By Bozorgmehr Sharafedin
DUBAI (Reuters) - Executive pay, a source of controversy at shareholder meetings in the West, has become a political issue in Iran where revelations of high compensation packages at state-owned firms are being used to attack moderate President Hassan Rouhani.
Over the last several weeks, local media have published the pay-slips of top managers at banks and other companies, showing their compensation to be dozens of times the average monthly income of an Iranian urban household, about $650.
In a country that portrays the 1979 Islamic revolution as a revolt of the poor against exploitation and oppression, the revelations have triggered outrage. National newspapers and television are criticizing income inequality in the country, and people are denouncing executives' salaries on social media.
Rouhani's conservative opponents are using the uproar to highlight the fact that living standards for ordinary Iranians have improved little since he took office in late 2013, with the official unemployment rate near 12 percent.

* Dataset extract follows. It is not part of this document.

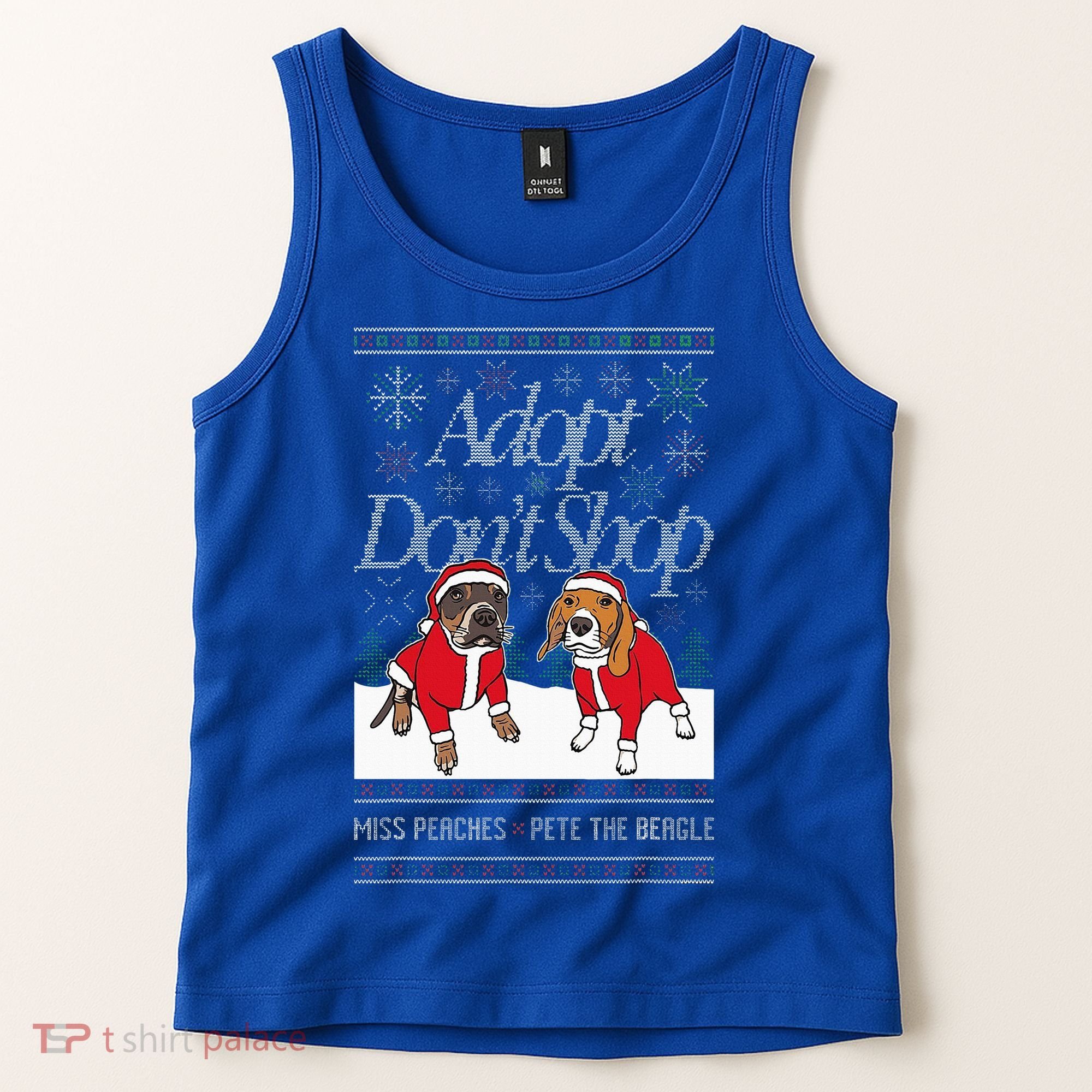 Christmas Miss Peaches & Pete The Beagle Tank Top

The issue is sensitive for Rouhani because he justified a deal with world powers to curb Tehran's nuclear program partly on the grounds that it would aid the economy. International sanctions on Iran were lifted in January but economic benefits have been slow to come, partly because big foreign banks remain wary of the country.
"The government says the Treasury is empty of funds...but it has enough money to pay astronomical salaries and huge bonuses," the YJC news agency quoted Hamid Rasaei, a former lawmaker who is a strong critic of the nuclear deal, as saying on Wednesday.

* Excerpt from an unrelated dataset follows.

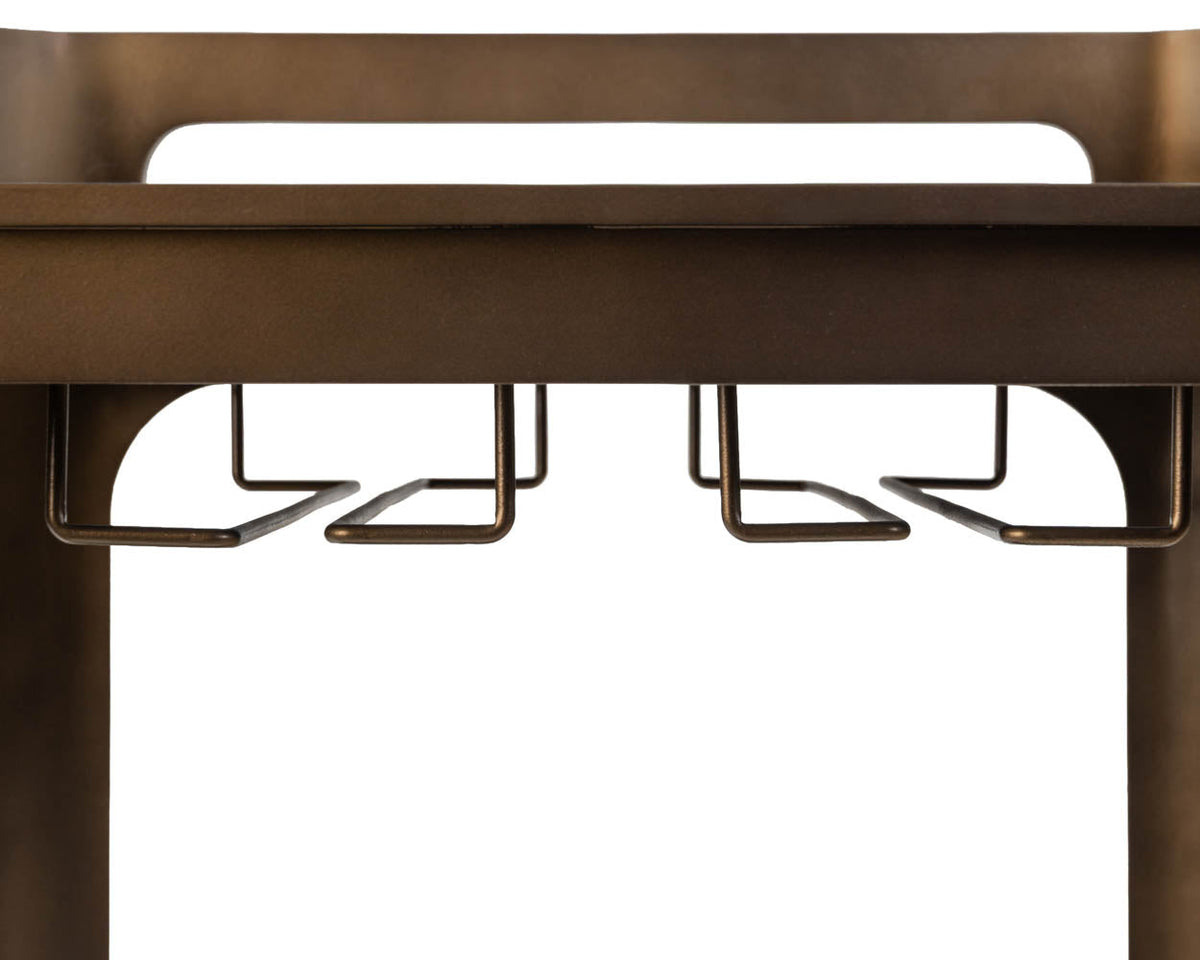 Alarion Bar Cart - perfect storage for drinks and glassware | Image 13 | InSTYLE Home & Rugs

In the worst case, the uproar over executive pay could make it harder for Rouhani to open the economy further to foreign investment and push reforms to foster the private sector, both declared goals of his administration.

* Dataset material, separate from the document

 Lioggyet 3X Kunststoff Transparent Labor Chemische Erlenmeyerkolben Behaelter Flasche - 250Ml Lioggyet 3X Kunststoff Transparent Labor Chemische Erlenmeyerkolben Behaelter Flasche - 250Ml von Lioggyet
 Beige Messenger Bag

"The salary leaks were the result of political infighting that was launched by Rouhani's conservative rivals to undermine him before the upcoming election," said Saeed Laylaz, a Tehran-based economist, referring to presidential polls next year.
The source of the leaks has not been identified, but the pay-slips were first published by news agencies close to the conservative establishment. However, Laylaz said stirring up resentment of income inequality was risky in Iran because it could develop into criticism of the entire political system.
"Its consequences would not be limited to Rouhani - it would put the credibility of the whole Islamic Republic at risk."
The pay-slip leaks showed some senior managers at the government-owned Central Insurance Co (CIC) were paid up to 870 million rials ($28,339 at the official exchange rate) in March.
The company said the pay-slips were for the last month of the Iranian calendar year and therefore were unusually large, including arrears, loans and bonuses.
Nevertheless, CIC General Manager Mohammad Ebrahim Amin stepped down in May, denying any wrongdoing but saying he regretted the affair had prompted attacks on his company, Rouhani and the government.
The uproar continued with the publication of a document showing one manager at state-owned Bank Tejarat received the equivalent of about $230,000 last November. The bank said the media had misrepresented the document because it showed not only salary payments but also pension amounts and other arrears.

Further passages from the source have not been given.